Mediation doesn't just focus on who is right in law
A frequent contributor to a conflict stems from parties feeling they are not being heard, not appreciated, or misunderstood. In other words there is a substantial emotional element.
The mediator is a neutral observer who is not emotionally invested and can get through to the heart of the matter in order to open up discussions as to how to resolve the dispute. In mediation, the parties are voluntarily participating in the process and, as a result, fear and anxiety are greatly reduced.
The neutral and safe environment that the mediator provides opens up the door to effective communication between the parties. Often, a simple apology or slight change in company policy is a contributor to a happy outcome.
Court proceedings are on public record. A civil trial may be attended by anyone.
A mediation is confidential. Only the parties to it know anything about it. Reputations are saved, shareholders are happy. There are no nasty qualifications to your accounts that could affect your capacity to borrow.
Whatever inner workings of their business are disclosed during the course of the mediation, do not end up a matter of public record as they do in litigation. The protection of the parties’ right to privacy for their personal and business affairs makes mediation an attractive choice.
Lower costs and faster resolution
Mediation saves not only money but time too.
Legal battles are time-consuming as well as expensive. Small businesses are particularly hard-hit when senior management is tied up in litigation.
On the other hand, the mediation process is usually completed within two or three weeks or, in an emergency, a few days. You can then get back to your real life very quickly without the long distraction of litigation.
Legally and emotionally binding
The final agreement reached is usually recorded in a memorandum of understanding or a heads of terms.
Either document can be treated as binding or not, as the parties wish. A binding final agreement is always to be preferred, even though, in most cases the parties or their solicitors may wish to fine-tune it at a later date.
As well as being legally binding, the agreements reached in mediation are emotionally binding since the parties had a clear voice in the process, put effort and work into the agreement, are happy with the outcome and are therefore less likely to renege on its terms.
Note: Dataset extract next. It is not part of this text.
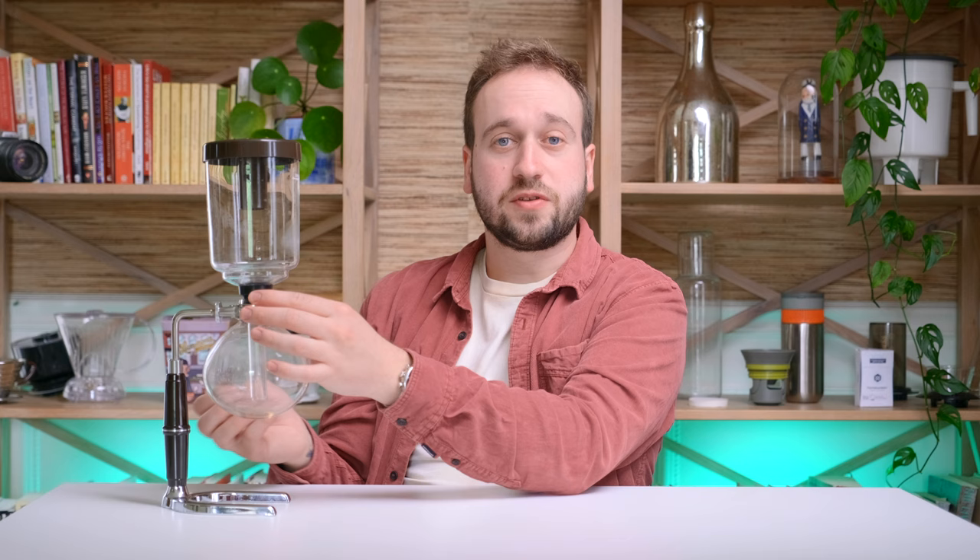Siphon coffee brewers work via siphoning — well, they do work via siphoning. What's going to happen is we have two chambers. The bottom chamber, we're going to bring water to a boil in. And when we set the top chamber on top and form a seal, the vapor pressure from the water boiling is going to force the water up into the top chamber where you add your coffee and let it brew. Then as soon as you remove the heat source from the bottom chamber and it cools down, the brewed coffee is going to vacuum back down to the bottom chamber. As long as you have a filter in there, you have filtered coffee ready to pour. It's a basic way of explaining it — there are more scientific ways, but that's not coming from me.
Compared with litigation or arbitration, mediation is stress free. Most mediators will try to set everyone at ease and will be quick to spot any undue pressure on one party by the other. A day in a hotel or office is a far cry from maybe several attendances before a judge.
Further, neither side necessarily becomes aware of the financial strength of the other of you, so there is less strategic bullying.
Court procedures are strict and formal. You cannot ask for a judgement that is outside the court’s power to make.
Mediation permits more imaginative solutions that may be more appropriate or helpful. You can consider settlements that might involve not only money but questions of timing, quality, changes to established procedures, confidentiality, Internet silence and other matters that are outside the power of a court to impose.
Because you are face to face with your opponent and you both put your cards on the table, there is more trust right away, so apparently intractable problems get solved. That cannot be arranged in a court.
Mediation must be considered before litigation
In court proceedings, it is the duty of a judge to consider alternative means of dispute resolution to taking it to trial.
What is more, the European Parliament endorsed a directive on 23 April 2008 primarily to facilitate cross border mediation. However, this law applies (in the UK since 23 April 2011) to all disputes and not only those with an international element.
So judges increasingly send the parties away to seek their own solution. It follows that if a party either refuses mediation, then it is likely that the judge will assume a lack of cooperation by that party.
So mediation has now come in from the darkness to star status. It provides no magic bullet, but it works. That is why it is regarded as the best bet on the table.